(Short descriptive text snippets)
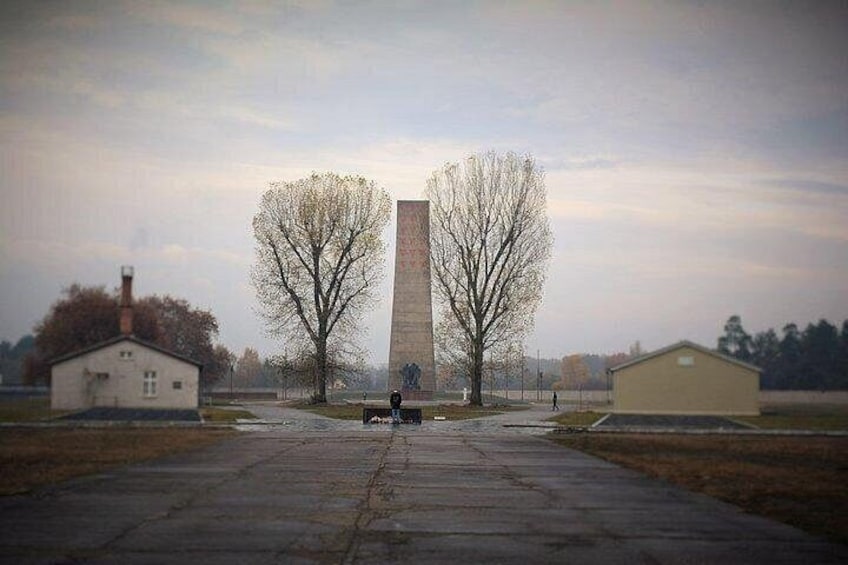 Un grand monument avec un banc devant, entouré d’arbres sans feuilles et sous un ciel dégagé. 2
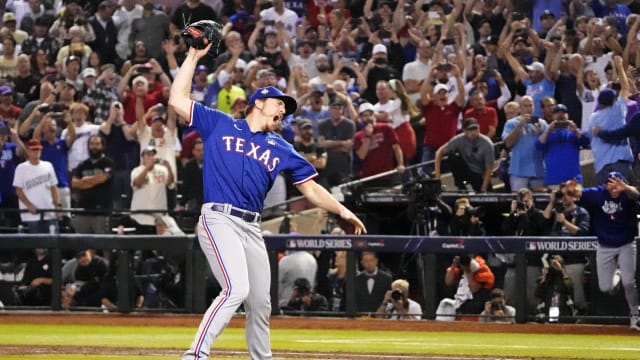 Texas Rangers relief pitcher Josh Sborz celebrates the final out of the club's first World Series championship by slamming his globe into the field turf at Chase Field in Phoenix on Nov. 1. The Rangers beat the Arizona Diamondbacks 5-0 to win the series 4-1.
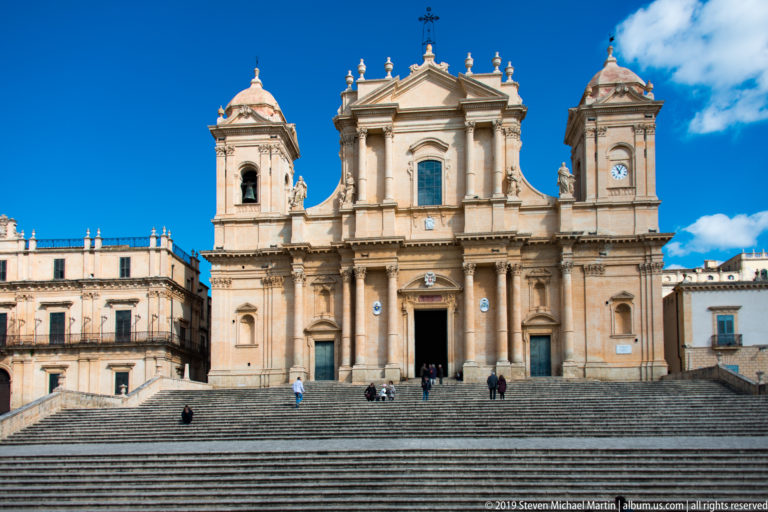 Wide frontal view of Noto Cathedral above broad steps, with twin towers, clocks, statues, and scattered visitors.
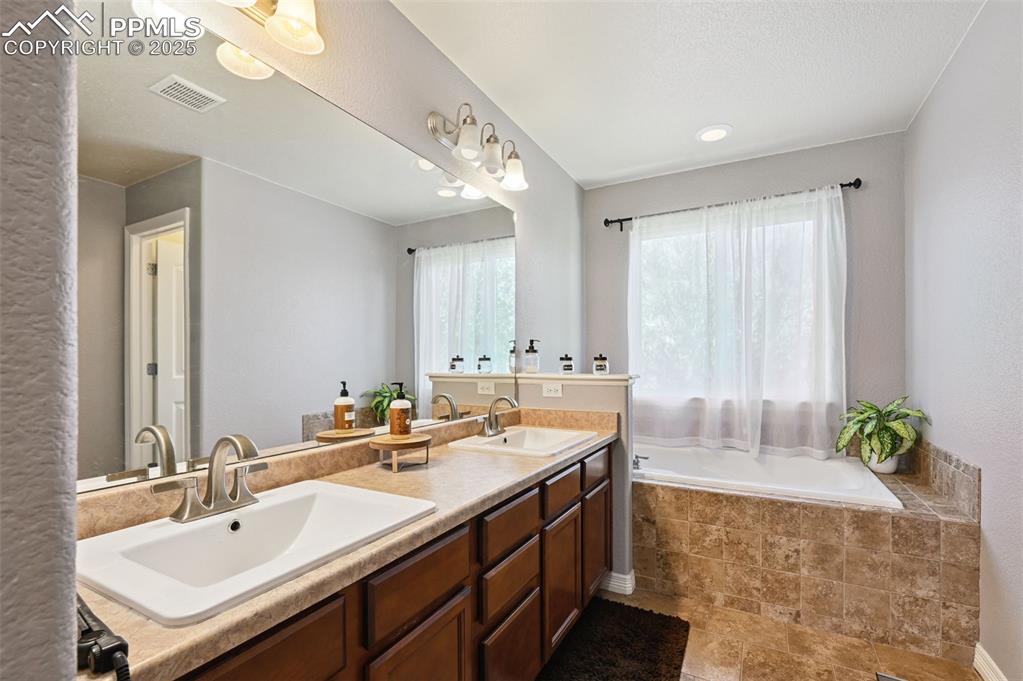 Image 14 of 39: Full bathroom with double vanity, a garden tub, and a textured wall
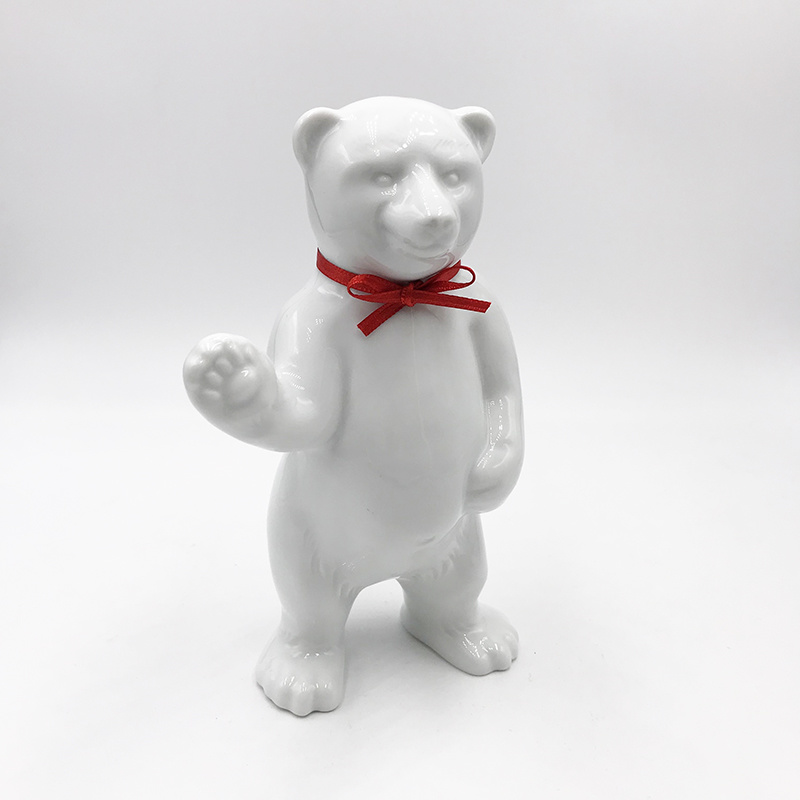 ART-DOMINO® BY SABINE WELZ Porcelain bear from Berlin - With red collar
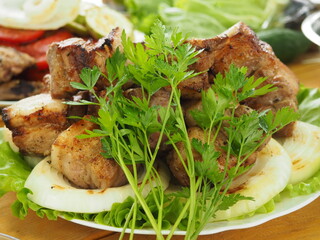 pork skewer with a bunch of fresh parsley on a plate. ready-made grilled meat.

* Exercise objective
Set down the entries exactly as they appear, with every picture left out.

* Answer section
 Un grand monument avec un banc devant, entouré d’arbres sans feuilles et sous un ciel dégagé. 2
 Texas Rangers relief pitcher Josh Sborz celebrates the final out of the club's first World Series championship by slamming his globe into the field turf at Chase Field in Phoenix on Nov. 1. The Rangers beat the Arizona Diamondbacks 5-0 to win the series 4-1.
 Wide frontal view of Noto Cathedral above broad steps, with twin towers, clocks, statues, and scattered visitors.
 Image 14 of 39: Full bathroom with double vanity, a garden tub, and a textured wall
 ART-DOMINO® BY SABINE WELZ Porcelain bear from Berlin - With red collar
 pork skewer with a bunch of fresh parsley on a plate. ready-made grilled meat.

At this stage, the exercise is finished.